▶ **What is being asked**
Print every line from the start of the data, and when you reach the line with "the redhead milf", include it and stop. Pictures are not part of the copy.

▶ **Source data**
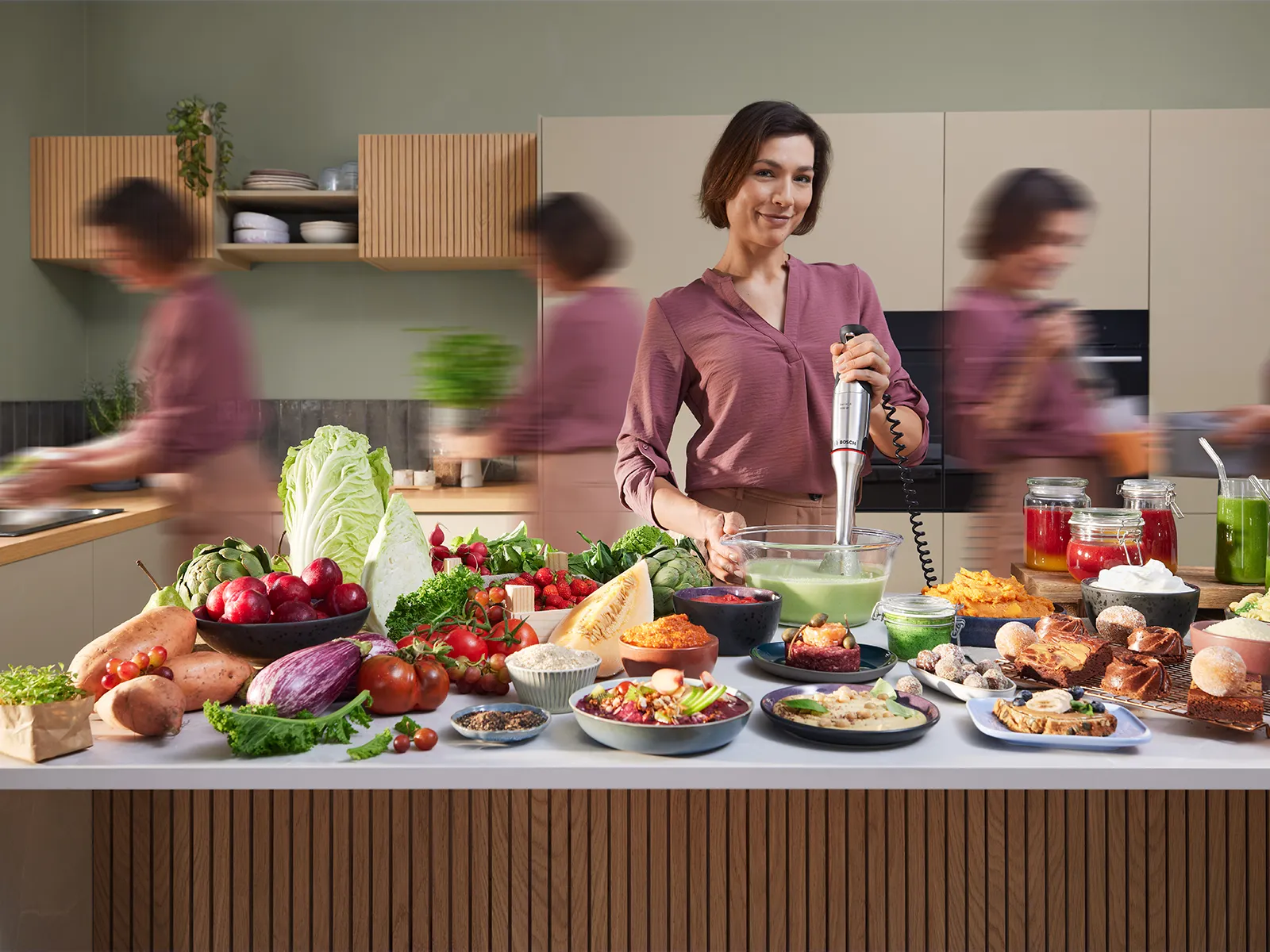 Una mujer sonriente está mezclando y versiones arrastradas de ella están ocupadas en una cocina, mientras que varias verduras y frutas se muestran en el mostrador.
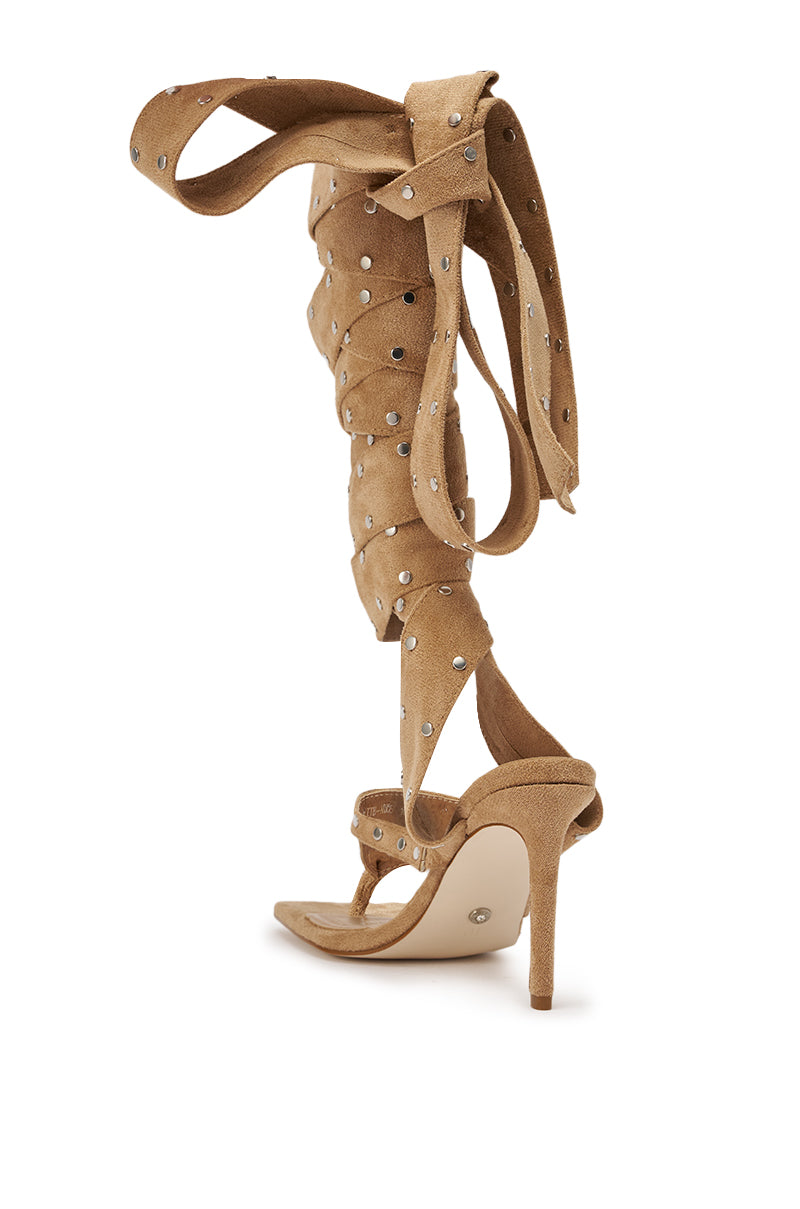 The AZALEA WANG SODALITE NUDE FAUX SUEDE LACE UP SANDAL features a tan faux suede finish, open toe, studded details, and long wraparound straps that tie up the leg for a chic statement look. 6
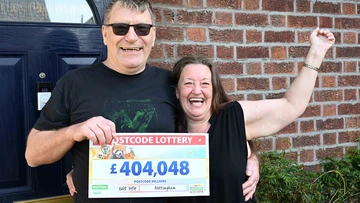Winner Garry and wife Lesley struggle to take in the size of their cheque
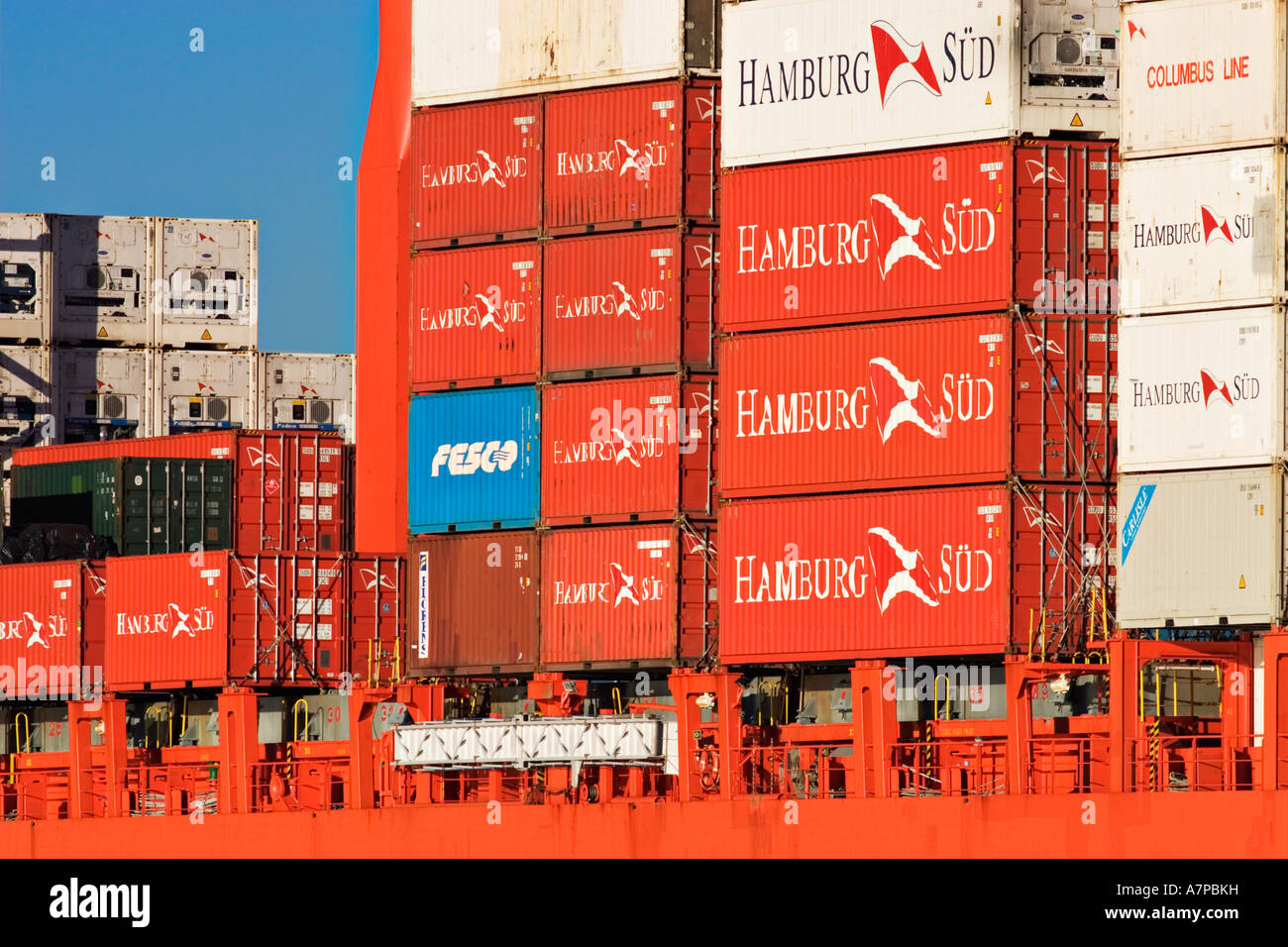 Shipping Industry / Shipping Containers stacked on the deck of a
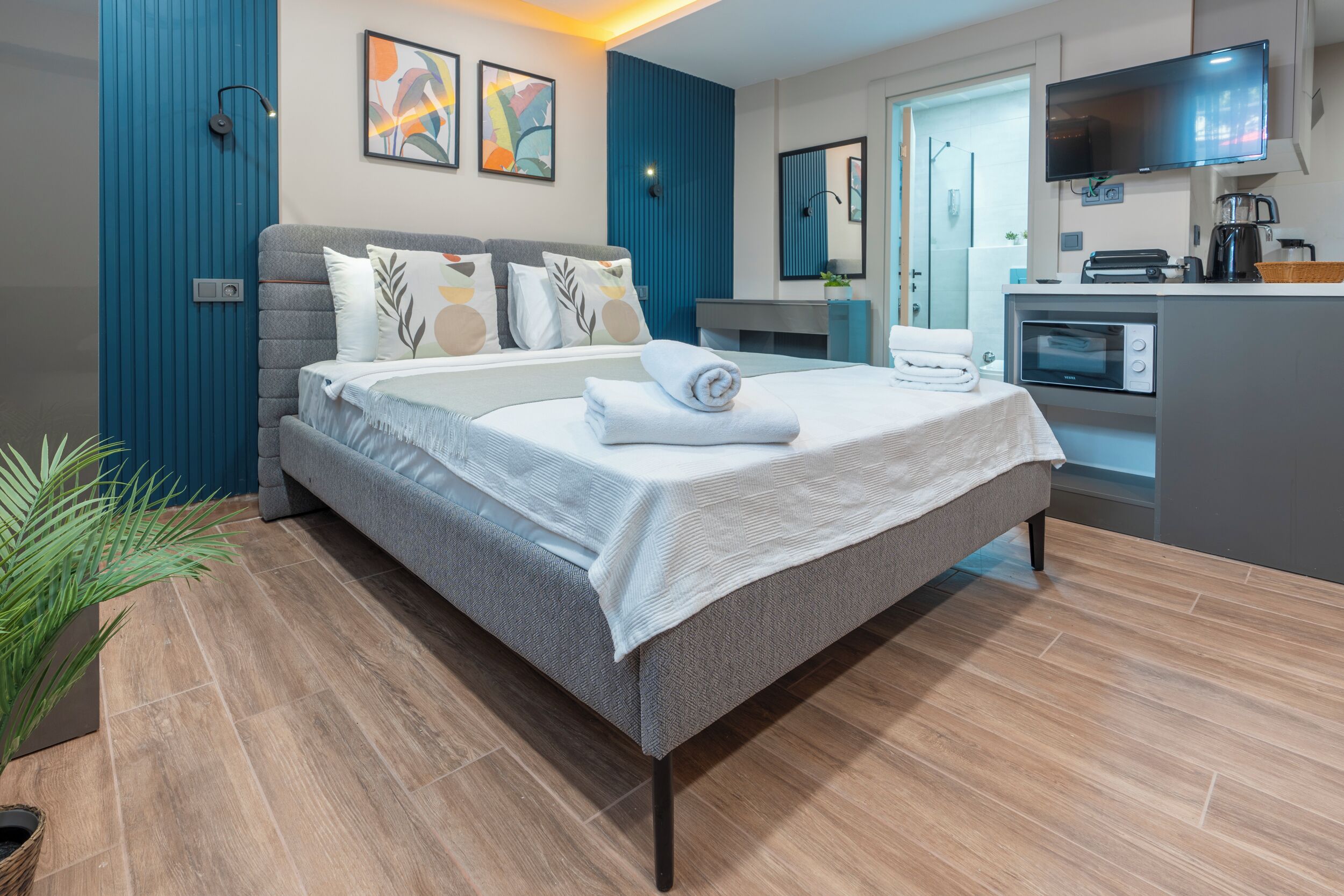 Una habitación de hotel moderna con cama, kitchenette, televisor y baño.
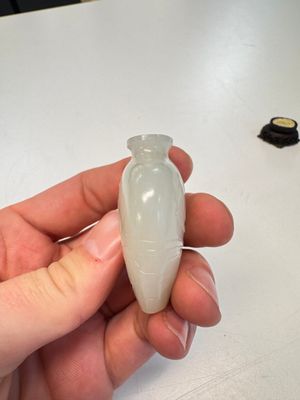 A Chinese carved white jade 'Geese' snuff bottle on a wooden stand — photo 6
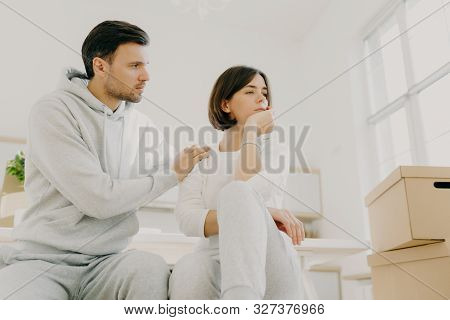 Caring Husband Tries To Calm Wife In Difficult Life Situation, Relocate In New House For Living, Pos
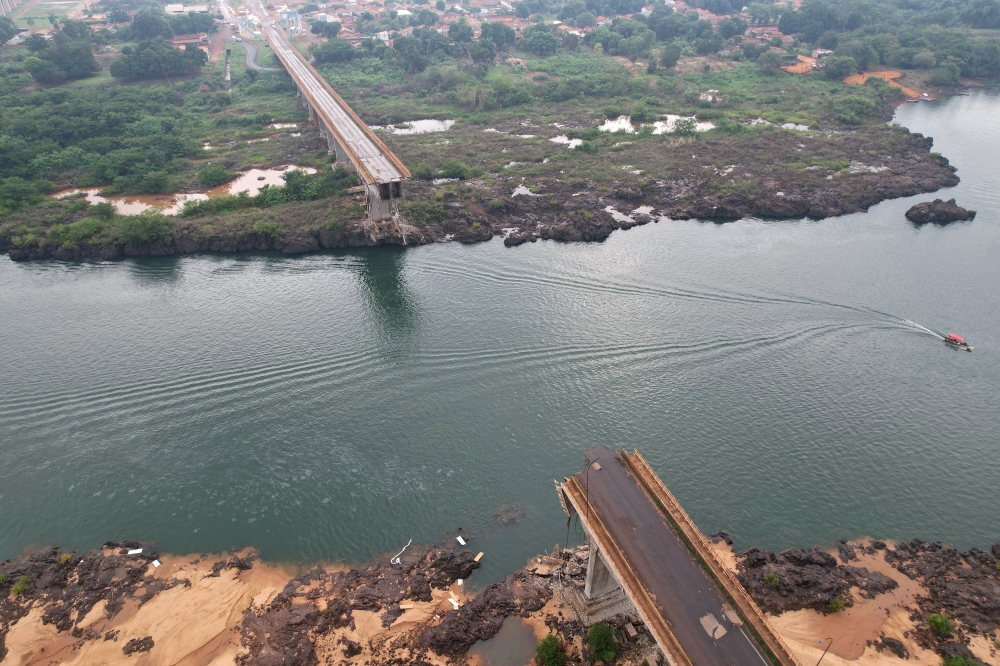 A drone view shows a collapsed bridge between Aguiarnopolis and Estreito, Brazil December 24, 2024. — Reuters pic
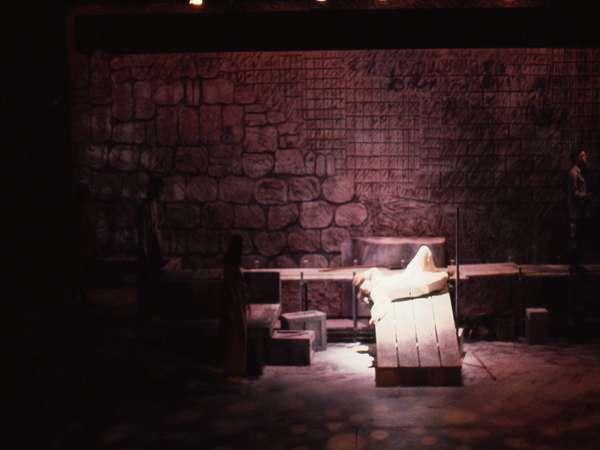 Dimly lit stage with a person dressed in white lying on a wooden platform in the center. Stone wall backdrop and scattered stage props add a mysterious atmosphere. Two shadowy figures are partially visible on either side.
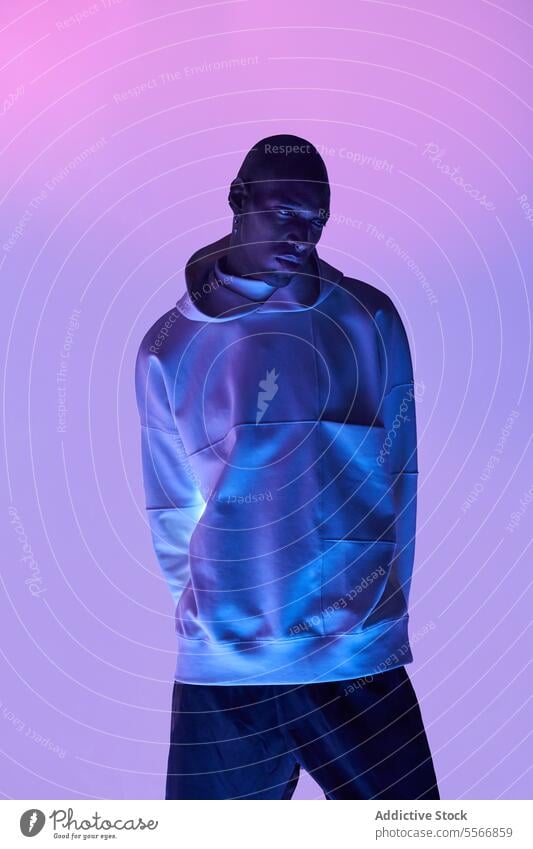 Bald stylish man standing over pink light model bald glowing casual attire lifestyle outfit posing self-assured trendy confident individuality appearance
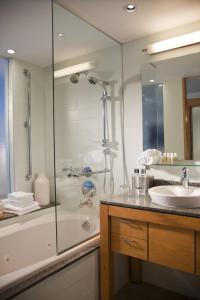 a bathroom with a shower and a sink at La Concha Renaissance San Juan Resort in San Juan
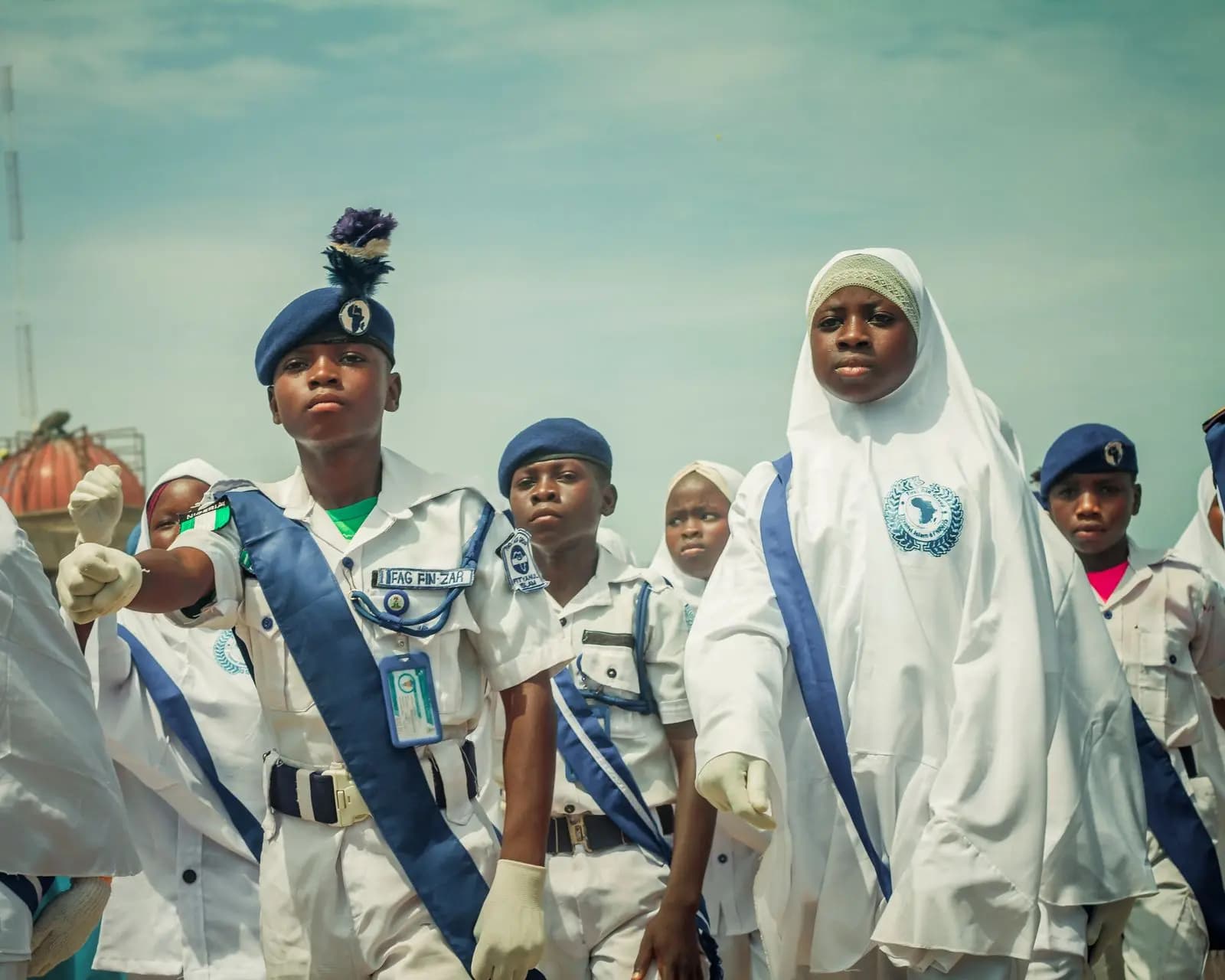 Pupils in uniform marching in a school parade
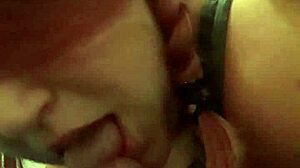 the redhead milf gives him a blowjob while music plays. voyeurs watch the intimate scene unfold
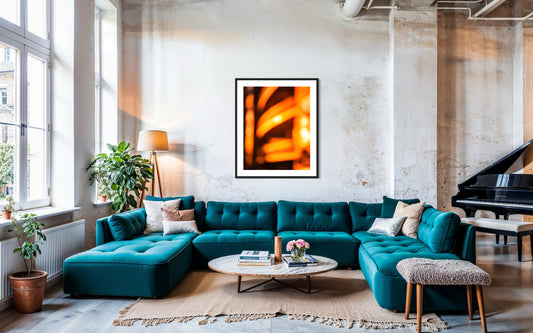photo of abstract orange blurred lines in black frame with white matte in urban loft living room large teal couch and concrete walls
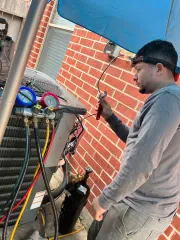 Technician checking HVAC gauges beside a brick wall under a blue canopy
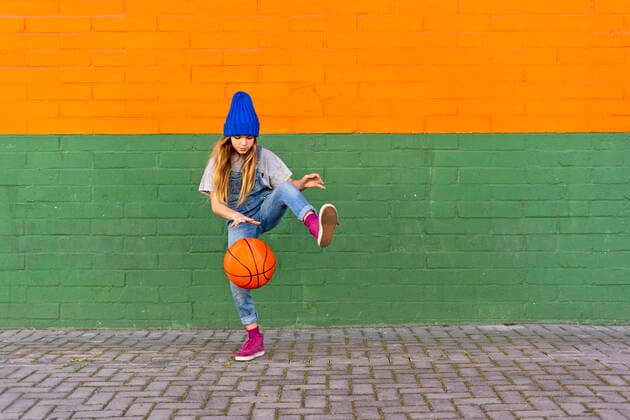 IMAGO Creative: Lokalhelden - Jugendsportbildung Young girl playing basketball, dribbling and lifting leg model released Symbolfoto ERRF01230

▶ **Exercise response**
 Una mujer sonriente está mezclando y versiones arrastradas de ella están ocupadas en una cocina, mientras que varias verduras y frutas se muestran en el mostrador.
 The AZALEA WANG SODALITE NUDE FAUX SUEDE LACE UP SANDAL features a tan faux suede finish, open toe, studded details, and long wraparound straps that tie up the leg for a chic statement look. 6
Winner Garry and wife Lesley struggle to take in the size of their cheque
 Shipping Industry / Shipping Containers stacked on the deck of a
 Una habitación de hotel moderna con cama, kitchenette, televisor y baño.
 A Chinese carved white jade 'Geese' snuff bottle on a wooden stand — photo 6
 Caring Husband Tries To Calm Wife In Difficult Life Situation, Relocate In New House For Living, Pos
 A drone view shows a collapsed bridge between Aguiarnopolis and Estreito, Brazil December 24, 2024. — Reuters pic
 Dimly lit stage with a person dressed in white lying on a wooden platform in the center. Stone wall backdrop and scattered stage props add a mysterious atmosphere. Two shadowy figures are partially visible on either side.
 Bald stylish man standing over pink light model bald glowing casual attire lifestyle outfit posing self-assured trendy confident individuality appearance
 a bathroom with a shower and a sink at La Concha Renaissance San Juan Resort in San Juan
 Pupils in uniform marching in a school parade
 the redhead milf gives him a blowjob while music plays. voyeurs watch the intimate scene unfold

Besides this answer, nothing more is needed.